El actual SENAME no cumple con ninguna de estas condiciones, y es obligación de la Defensoría de los Derechos de la Niñez, hacerlo ver, hacer propuestas de mejoramiento e informar de esta situación a los organismos nacionales e internacionales responsables de los derechos de la niñez, y de ser pertinente, hacer las denuncias correspondientes ante los tribunales de Justicia para que se establezcan las responsabilidades correspondientes.

El actual SENAME no responde a la doctrina de protección integral de derechos, establecida por la CDN. Un indicador de ello es su forma de financiamiento. El artículo 23 del reglamento de la Ley 20.032, del 2005 dice: “El SENAME transferirá a los colaboradores acreditados adjudicatarios de un proyecto una subvención, entendiéndose por tal, el auxilio económico que se traduce en una transferencia de fondos…”. En otras palabras, el Estado no se hace responsable del financiamiento de la atención especializada que debe recibir todo niño, niña o adolescente gravemente vulnerado en sus derechos.

Las últimas investigaciones, evidencian una alta precariedad en las condiciones materiales y de infraestructura y la falta de personal especializado. Se puede decir, que el Estado de Chile ha incurrido en un notable abandono de deberes, de reconocimiento, respeto, y restitución de derechos de los niños, niñas y adolescentes bajo su cuidado.

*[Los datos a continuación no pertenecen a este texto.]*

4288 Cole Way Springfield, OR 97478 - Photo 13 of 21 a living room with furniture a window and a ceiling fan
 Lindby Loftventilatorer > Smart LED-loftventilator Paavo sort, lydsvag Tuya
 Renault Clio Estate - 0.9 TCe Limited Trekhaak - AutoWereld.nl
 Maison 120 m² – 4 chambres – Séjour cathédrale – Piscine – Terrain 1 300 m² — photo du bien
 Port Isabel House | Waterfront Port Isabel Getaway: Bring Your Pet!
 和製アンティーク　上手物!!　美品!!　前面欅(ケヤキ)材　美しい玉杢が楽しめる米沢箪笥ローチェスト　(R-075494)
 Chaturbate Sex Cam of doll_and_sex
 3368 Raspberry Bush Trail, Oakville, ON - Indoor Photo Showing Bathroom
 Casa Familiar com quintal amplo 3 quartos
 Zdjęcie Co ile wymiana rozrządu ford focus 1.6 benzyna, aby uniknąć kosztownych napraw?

¿Es esto remediable? Sí. Se deben tomar medidas urgentes que detengan las vulneraciones y que aseguren la vida, integridad física y adecuada atención a los niños y niñas que están en esta grave situación de vulneración, lo que implica que de manera inmediata, el Estado de manera directa o a través de terceros, provea las condiciones necesarias, tanto materiales, económicas y profesionales que aseguren la restitución de los derechos vulnerados, establecer altos estándares de atención y nivel profesional, asegurando que las instituciones que están a cargo cuentan con las credenciales necesarias y cuya evaluación y monitoreo, sea independiente del Servicio de Protección
Especial.

Pero esto es solo una medida urgente, ante la actual crisis del sistema, no es la solución permanente, pues esta requiere una reforma estructural al sistema de protección a la niñez. Tal como lo dijimos más arriba, la creación de un Sistema Nacional de Protección Integral de los Derechos de la Niñez y Adolescencia, y en este sentido, el Defensor o Defensora, ha de jugar un rol fundamental para que este se concrete.